*EXCERPTED RECORDS:*

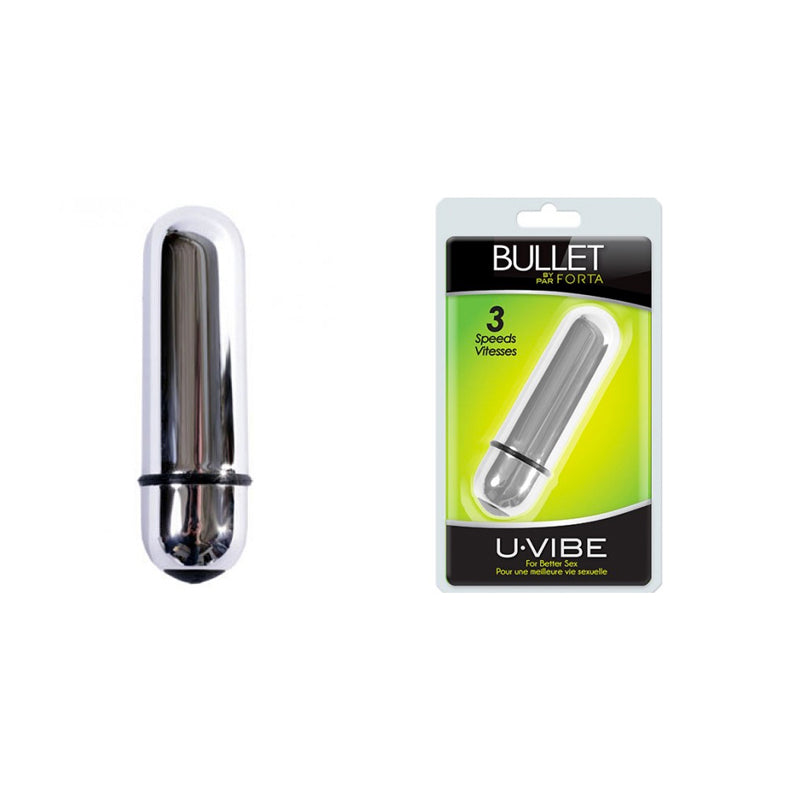 Bullet by UVIBE - Clear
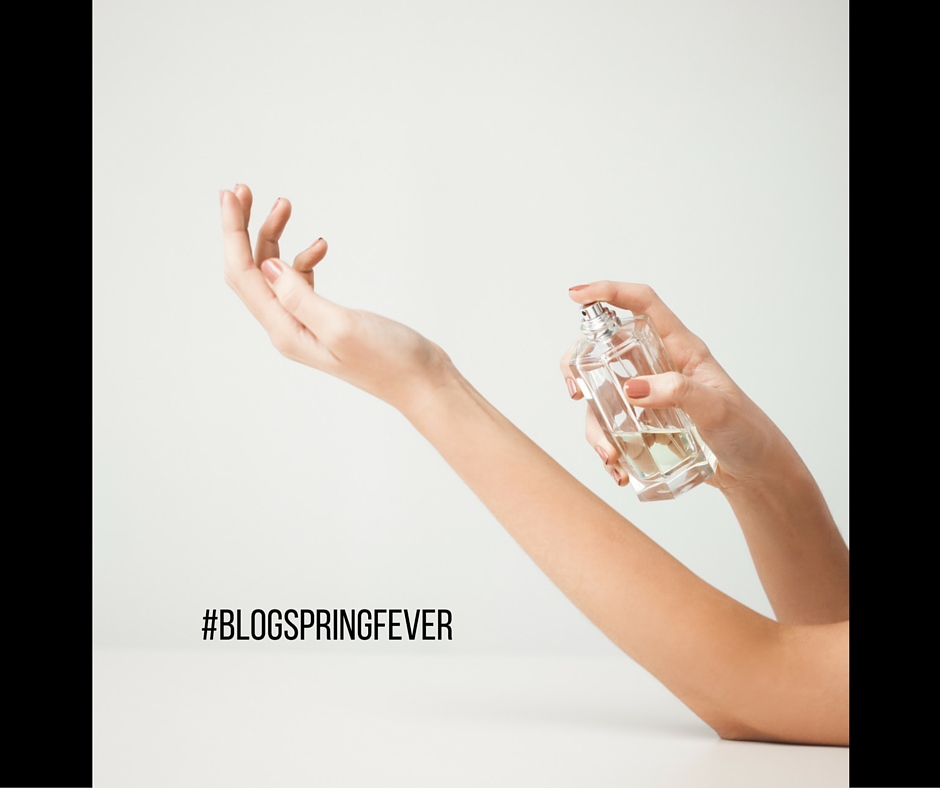 #BlogSpringFever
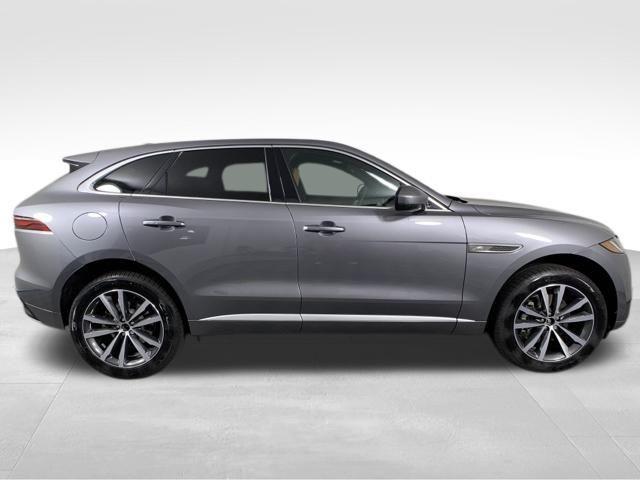 used 2024 Jaguar F-PACE car, priced at $49,900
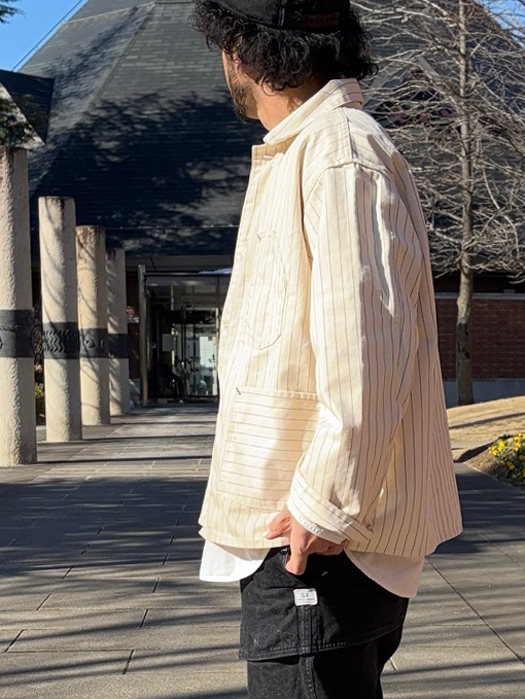 Sylvania (HBT Stripe)　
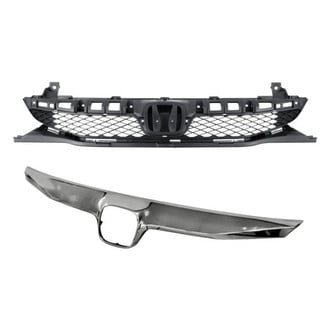 Sherman® - Grilles Kits
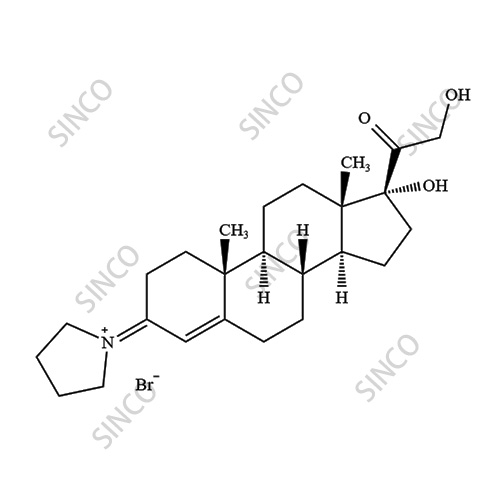 Clascoterone Impurity 1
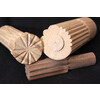 Hope Woodturning - Gabarit de rainurage Paul Howard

*WHAT THE TASK ASKS:* All entries above must be printed again verbatim, with images excluded.

*THE COMPLETED TASK:*
 Bullet by UVIBE - Clear
 #BlogSpringFever
 used 2024 Jaguar F-PACE car, priced at $49,900
 Sylvania (HBT Stripe)　
 Sherman® - Grilles Kits
 Clascoterone Impurity 1
 Hope Woodturning - Gabarit de rainurage Paul Howard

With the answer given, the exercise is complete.